[Task objective]:
The pictures stay out. Please retype every line below exactly.

[Material provided]:
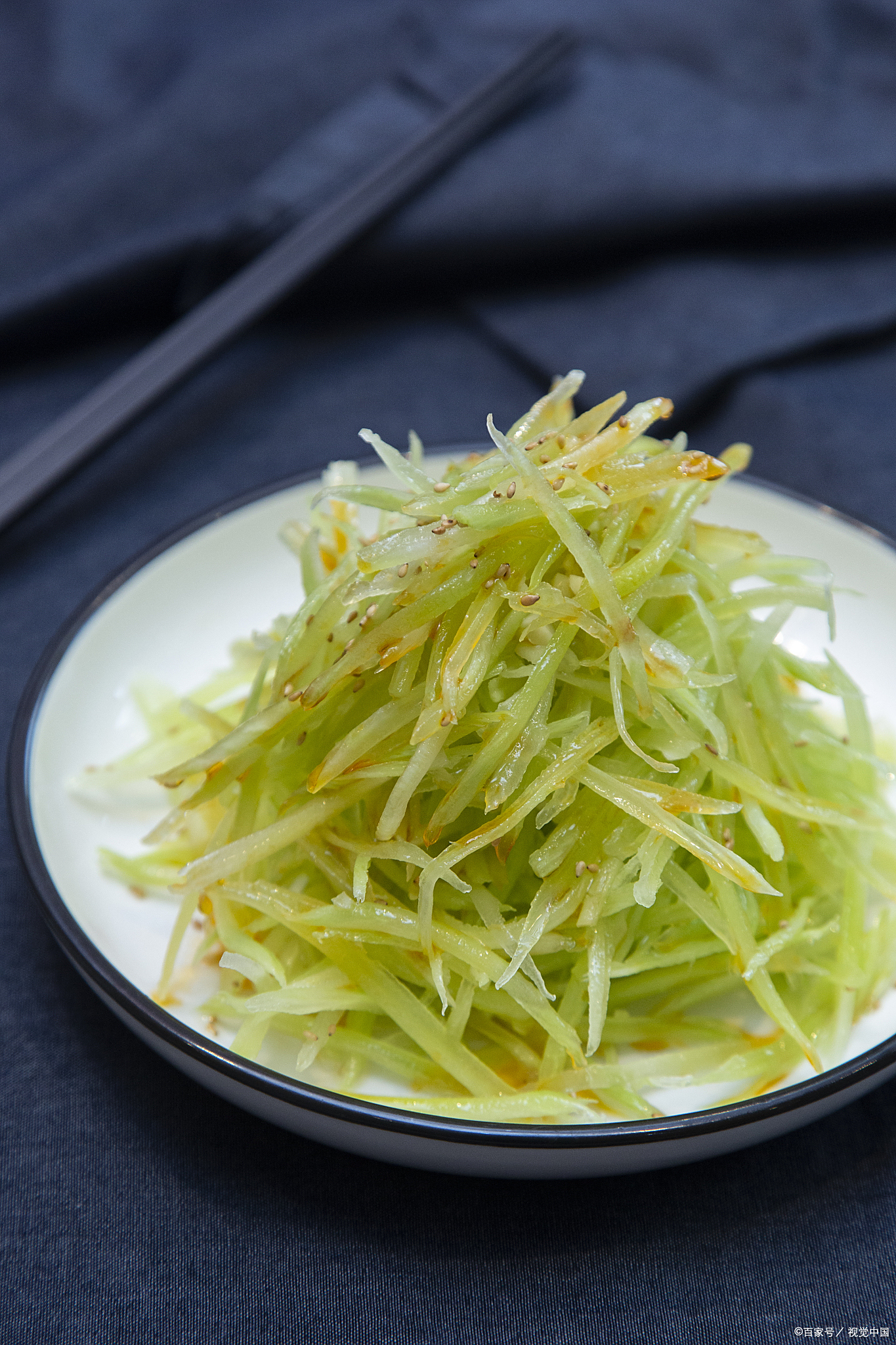 莴笋凉菜的做法(莴笋凉菜的做法视频)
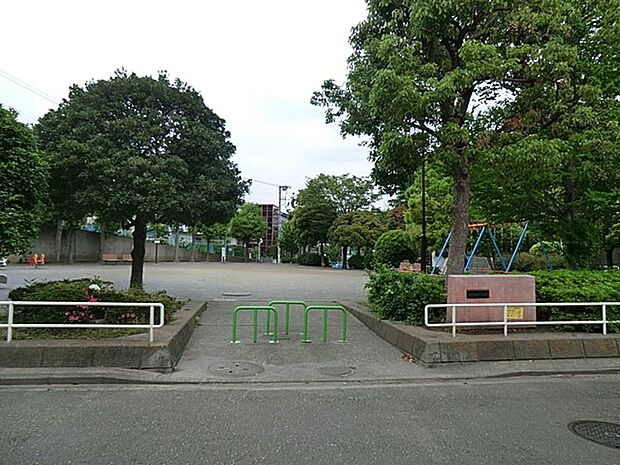 北寺尾四丁目公園　650m　住宅街の十分な広さの公園です。公園の設備には水飲み・手洗い場があります。 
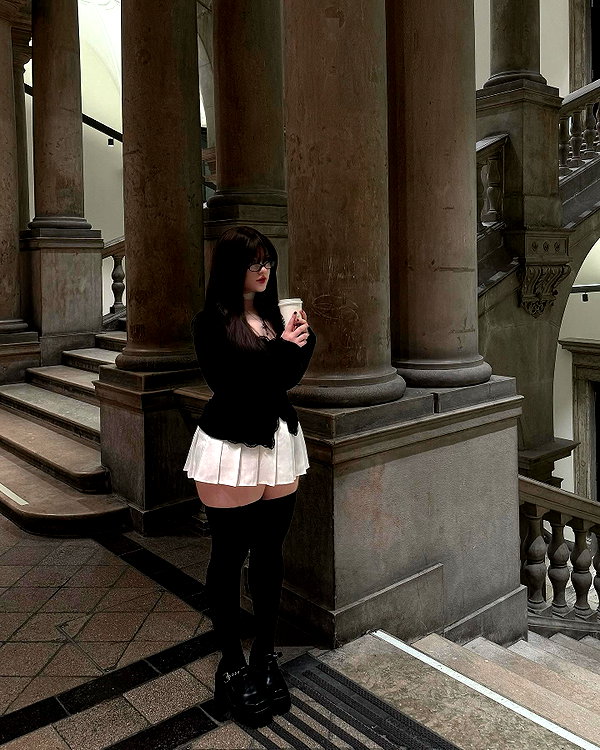 andasrose instagram image archive image
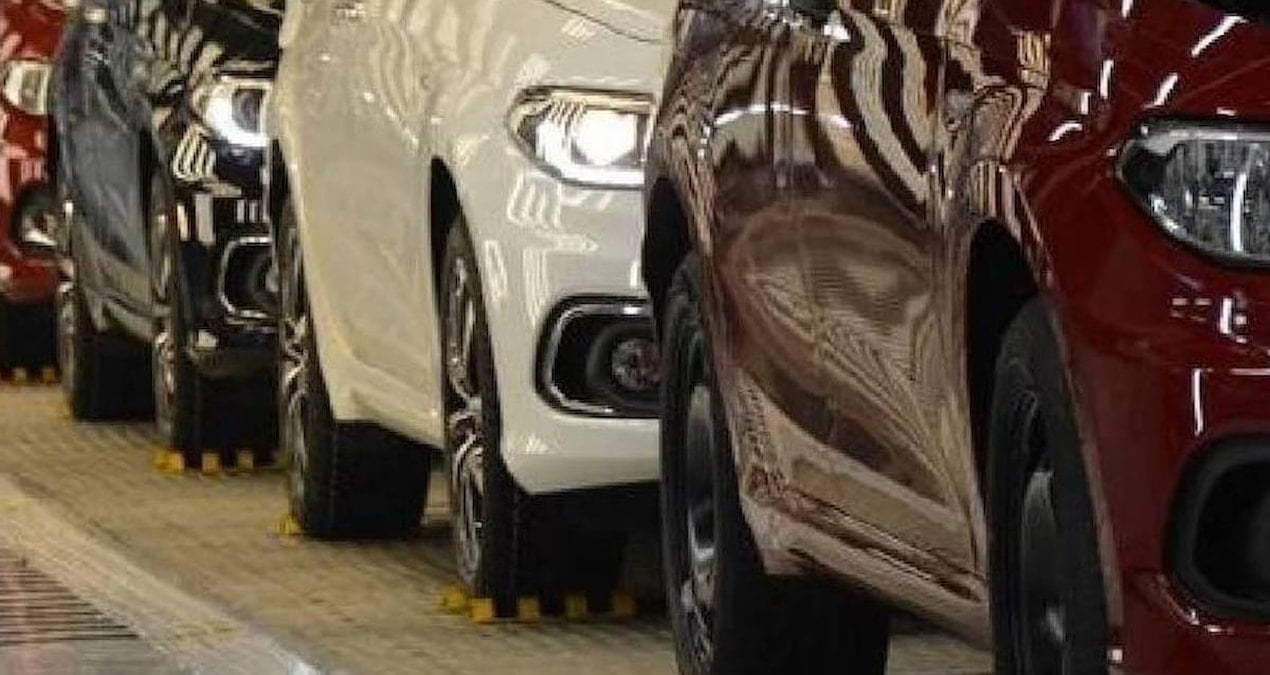 nisan-ayinda-turkiyede-en-cok-satilan-otomobiller-aciklandi-YwPyukbI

[Response for this exercise]:
 莴笋凉菜的做法(莴笋凉菜的做法视频)
 北寺尾四丁目公園　650m　住宅街の十分な広さの公園です。公園の設備には水飲み・手洗い場があります。 
 andasrose instagram image archive image
 nisan-ayinda-turkiyede-en-cok-satilan-otomobiller-aciklandi-YwPyukbI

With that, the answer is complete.